We first enjoyed Kim Crawford wines well over a decade ago just about the time his wine was first hitting the US market. They were bright and exciting and gained immense popularity. Crawford helped put New Zealand Sauvignon Blanc on the world stage and innovated with the now so popular screw tops.
Fast forward about 15 years and here we are tasting three contemporary bottles from the winery that still bears his name, a new wine maker, Anthony Walkenhorst, is creating wines that serve the Crawford legacy well.
The wine that started it all, Sauvignon Blanc, is where we started, paired with a “Mod Oz” inspired dinner, it was most enjoyable. More mature, fuller and refined than I remember the wines of the early 2000s to be. Those were firecracker bright with exploding flavors the world had not seen before.

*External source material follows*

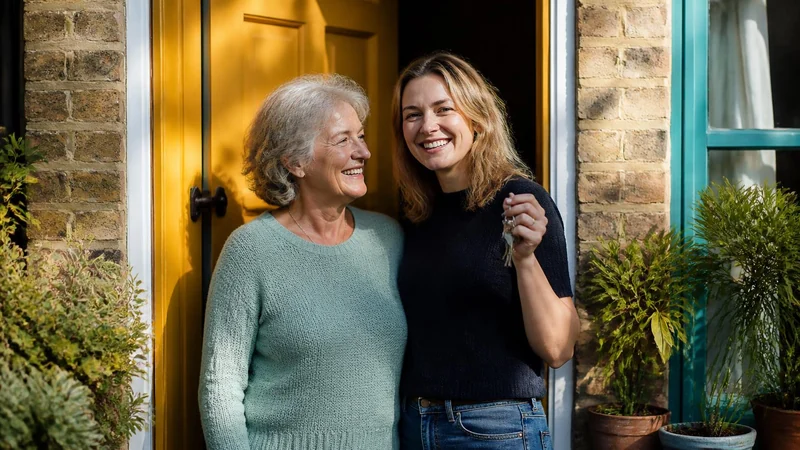 A mother and her grown-up daughter standing outside a brightly painted front door with a set of house keys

This 2014 vintage bottle had much excitement but a deeper beauty that to my mind always comes with maturity.
We tasted a sip of the well-crafted unoaked Chardonnay and the flavorsome Pinot Gris, but the Sauvignon Blanc was the perfect match for our smoked Arctic Char, and the farm fresh steamed asparagus and roasted baby potatoes. We accompanied the food with a vivid dill sour cream sauce and one made with peppery harrisa. As potent as these flavors where the wine resonated and persisted with layers of perfect flavors.
A couple of weeks earlier I found Anthony Walkenhorst’s Chardonnay on the menu while on vacation at the Carmel Valley Ranch Resort and enjoyed a glass by the pool. I told you Crawford wines are ubiquitous. it was impressive but muted by the plastic glass required for poolside sipping. It was not until we poured a bottle into good Riedel glasses and served it, two days old, with a homemade turkey soup brought by friends to another dinner that this wine really shined. At first on first taste the fruit was too colorful for me, but with air it settled into a beautifully balanced glass that we loved.
The Pinot Gris was an instant favorite too. Called Pinot Grigio in Italy, Pinot Gris in France, and by either name elsewhere around the world, depending on the style and marketing design, this grape that put Italian wine back on the map with Santa Margarita has been much exploited, a victim of its own success. It is a pleasure to enjoy the conscientious work of a wine maker that allows this grape to be all it can be.
I hear that Kim and his wife Erica are on to other projects, but what you might call a dynasty that they began in there Auckland Kitchen two decades ago lives on with glory and we are so happy it has.